Problem
Count the lines below that contain the word "venda", and give only that number.

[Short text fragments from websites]
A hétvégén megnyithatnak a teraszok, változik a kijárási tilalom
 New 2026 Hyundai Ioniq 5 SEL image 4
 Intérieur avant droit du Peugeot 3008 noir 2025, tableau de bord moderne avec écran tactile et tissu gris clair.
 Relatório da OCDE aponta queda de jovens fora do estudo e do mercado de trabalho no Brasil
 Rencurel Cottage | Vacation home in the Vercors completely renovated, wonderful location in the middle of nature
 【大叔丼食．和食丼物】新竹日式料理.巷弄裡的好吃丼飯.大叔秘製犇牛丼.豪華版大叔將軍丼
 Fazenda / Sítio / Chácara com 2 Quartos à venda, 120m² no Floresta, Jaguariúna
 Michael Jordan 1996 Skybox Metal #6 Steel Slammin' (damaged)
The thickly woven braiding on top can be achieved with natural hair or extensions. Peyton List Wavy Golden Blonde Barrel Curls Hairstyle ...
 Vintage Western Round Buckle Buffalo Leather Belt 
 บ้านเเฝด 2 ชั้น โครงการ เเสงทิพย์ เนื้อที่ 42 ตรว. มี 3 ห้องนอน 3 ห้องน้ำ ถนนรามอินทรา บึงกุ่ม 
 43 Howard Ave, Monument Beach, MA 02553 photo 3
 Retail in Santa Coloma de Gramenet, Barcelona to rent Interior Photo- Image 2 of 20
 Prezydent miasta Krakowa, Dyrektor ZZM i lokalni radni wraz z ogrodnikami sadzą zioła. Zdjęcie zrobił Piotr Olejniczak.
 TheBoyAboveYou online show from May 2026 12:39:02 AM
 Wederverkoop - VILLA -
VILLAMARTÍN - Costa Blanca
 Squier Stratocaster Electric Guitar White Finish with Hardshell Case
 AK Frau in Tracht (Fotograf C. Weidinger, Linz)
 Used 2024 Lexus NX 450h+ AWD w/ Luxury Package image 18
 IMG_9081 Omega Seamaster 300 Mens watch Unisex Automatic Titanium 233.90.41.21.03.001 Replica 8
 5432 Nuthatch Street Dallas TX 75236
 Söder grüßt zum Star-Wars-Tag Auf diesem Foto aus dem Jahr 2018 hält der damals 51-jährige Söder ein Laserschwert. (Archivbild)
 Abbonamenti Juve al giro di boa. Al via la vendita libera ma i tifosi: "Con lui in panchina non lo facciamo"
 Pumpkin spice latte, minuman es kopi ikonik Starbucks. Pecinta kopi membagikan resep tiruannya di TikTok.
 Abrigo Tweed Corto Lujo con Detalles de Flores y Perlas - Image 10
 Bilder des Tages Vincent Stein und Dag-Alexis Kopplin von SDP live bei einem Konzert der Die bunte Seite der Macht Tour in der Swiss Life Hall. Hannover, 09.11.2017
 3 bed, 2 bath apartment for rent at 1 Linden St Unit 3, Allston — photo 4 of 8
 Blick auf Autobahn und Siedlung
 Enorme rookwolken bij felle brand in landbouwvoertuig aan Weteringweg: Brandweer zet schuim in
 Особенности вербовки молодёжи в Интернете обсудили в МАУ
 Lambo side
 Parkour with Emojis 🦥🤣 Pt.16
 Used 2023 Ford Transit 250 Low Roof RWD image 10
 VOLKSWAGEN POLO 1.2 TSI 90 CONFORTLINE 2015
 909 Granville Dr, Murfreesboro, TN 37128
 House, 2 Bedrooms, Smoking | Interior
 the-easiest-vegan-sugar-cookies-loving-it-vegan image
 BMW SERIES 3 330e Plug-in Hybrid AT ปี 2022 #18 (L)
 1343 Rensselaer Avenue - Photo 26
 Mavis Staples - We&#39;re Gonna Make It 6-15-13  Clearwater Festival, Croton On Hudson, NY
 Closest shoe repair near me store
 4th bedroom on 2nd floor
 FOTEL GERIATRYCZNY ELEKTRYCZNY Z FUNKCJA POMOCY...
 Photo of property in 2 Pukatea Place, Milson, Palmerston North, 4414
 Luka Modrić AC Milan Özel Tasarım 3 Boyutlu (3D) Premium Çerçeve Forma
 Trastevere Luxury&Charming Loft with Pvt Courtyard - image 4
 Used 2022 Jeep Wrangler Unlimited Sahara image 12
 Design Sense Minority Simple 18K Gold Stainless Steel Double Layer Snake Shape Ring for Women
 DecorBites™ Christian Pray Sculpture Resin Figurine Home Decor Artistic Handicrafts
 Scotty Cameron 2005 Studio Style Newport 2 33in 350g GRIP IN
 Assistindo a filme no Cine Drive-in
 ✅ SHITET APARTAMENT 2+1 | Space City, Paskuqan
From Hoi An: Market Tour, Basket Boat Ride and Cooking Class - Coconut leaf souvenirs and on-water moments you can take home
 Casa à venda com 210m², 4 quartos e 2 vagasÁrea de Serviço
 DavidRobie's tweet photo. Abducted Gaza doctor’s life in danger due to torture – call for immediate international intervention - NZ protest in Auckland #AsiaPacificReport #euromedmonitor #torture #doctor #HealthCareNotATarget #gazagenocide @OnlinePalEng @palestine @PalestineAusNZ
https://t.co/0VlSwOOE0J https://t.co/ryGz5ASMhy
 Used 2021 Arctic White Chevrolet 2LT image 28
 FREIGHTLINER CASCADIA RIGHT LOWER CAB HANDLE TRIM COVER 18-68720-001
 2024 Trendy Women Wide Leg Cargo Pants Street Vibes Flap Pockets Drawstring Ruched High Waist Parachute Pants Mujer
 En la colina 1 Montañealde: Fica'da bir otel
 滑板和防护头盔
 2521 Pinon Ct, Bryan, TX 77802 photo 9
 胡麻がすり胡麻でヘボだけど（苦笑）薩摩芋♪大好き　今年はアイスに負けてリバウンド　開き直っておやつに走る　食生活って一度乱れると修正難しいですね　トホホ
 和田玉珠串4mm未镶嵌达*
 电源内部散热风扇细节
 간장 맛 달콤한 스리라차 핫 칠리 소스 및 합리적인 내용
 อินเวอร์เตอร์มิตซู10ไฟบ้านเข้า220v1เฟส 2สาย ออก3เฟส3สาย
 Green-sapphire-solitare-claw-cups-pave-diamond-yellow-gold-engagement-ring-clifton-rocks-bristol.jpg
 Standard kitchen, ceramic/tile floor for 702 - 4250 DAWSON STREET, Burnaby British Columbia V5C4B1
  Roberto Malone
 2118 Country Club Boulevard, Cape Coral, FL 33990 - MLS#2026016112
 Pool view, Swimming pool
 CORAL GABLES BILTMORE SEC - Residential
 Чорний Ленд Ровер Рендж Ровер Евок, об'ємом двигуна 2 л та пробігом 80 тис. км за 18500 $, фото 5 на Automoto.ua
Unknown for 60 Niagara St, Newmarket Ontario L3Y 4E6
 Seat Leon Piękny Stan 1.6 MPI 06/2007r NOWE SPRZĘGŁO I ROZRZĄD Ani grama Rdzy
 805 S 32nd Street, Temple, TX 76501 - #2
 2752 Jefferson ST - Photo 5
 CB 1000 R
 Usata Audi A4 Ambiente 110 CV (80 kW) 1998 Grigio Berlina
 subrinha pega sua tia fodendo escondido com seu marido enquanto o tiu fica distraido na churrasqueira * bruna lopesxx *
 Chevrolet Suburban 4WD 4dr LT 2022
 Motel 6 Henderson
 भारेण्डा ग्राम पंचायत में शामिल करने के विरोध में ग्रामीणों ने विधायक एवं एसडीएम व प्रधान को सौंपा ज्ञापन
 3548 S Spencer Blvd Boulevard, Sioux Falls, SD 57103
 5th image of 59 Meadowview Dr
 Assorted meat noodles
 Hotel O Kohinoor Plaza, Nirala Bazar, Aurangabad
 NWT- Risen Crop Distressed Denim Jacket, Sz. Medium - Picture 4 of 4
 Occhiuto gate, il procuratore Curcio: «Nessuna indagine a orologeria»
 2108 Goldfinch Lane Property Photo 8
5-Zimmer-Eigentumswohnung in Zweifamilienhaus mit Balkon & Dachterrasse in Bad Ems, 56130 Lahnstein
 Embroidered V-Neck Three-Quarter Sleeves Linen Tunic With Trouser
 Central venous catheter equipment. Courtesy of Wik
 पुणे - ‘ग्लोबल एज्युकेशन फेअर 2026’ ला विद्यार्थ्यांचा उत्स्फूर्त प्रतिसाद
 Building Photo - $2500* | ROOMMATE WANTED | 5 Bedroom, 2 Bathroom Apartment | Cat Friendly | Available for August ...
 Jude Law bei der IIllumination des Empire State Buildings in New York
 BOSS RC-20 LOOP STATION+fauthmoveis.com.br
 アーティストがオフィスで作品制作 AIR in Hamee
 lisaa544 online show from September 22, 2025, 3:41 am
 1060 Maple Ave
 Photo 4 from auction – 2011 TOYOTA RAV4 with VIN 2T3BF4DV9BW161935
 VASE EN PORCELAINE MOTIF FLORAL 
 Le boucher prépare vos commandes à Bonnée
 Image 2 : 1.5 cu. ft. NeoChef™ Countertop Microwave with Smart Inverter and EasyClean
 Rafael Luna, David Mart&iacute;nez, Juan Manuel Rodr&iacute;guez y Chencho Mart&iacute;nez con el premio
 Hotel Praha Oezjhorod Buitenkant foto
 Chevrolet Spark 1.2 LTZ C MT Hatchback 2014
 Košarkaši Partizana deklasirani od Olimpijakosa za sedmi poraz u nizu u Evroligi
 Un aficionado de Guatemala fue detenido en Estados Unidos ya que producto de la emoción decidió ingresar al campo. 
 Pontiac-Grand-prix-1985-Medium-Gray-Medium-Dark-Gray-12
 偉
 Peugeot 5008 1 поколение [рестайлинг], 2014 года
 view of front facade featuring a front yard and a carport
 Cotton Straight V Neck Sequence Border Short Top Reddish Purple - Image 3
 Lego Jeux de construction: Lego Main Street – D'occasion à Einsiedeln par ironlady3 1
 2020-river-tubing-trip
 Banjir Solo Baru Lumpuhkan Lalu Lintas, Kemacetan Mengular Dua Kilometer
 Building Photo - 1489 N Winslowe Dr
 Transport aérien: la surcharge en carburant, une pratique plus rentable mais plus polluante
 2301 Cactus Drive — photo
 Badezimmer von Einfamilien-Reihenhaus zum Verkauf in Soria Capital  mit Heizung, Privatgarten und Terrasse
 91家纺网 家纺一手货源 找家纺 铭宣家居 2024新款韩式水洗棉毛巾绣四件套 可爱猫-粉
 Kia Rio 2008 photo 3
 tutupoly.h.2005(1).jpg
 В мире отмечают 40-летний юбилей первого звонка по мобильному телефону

Task response
2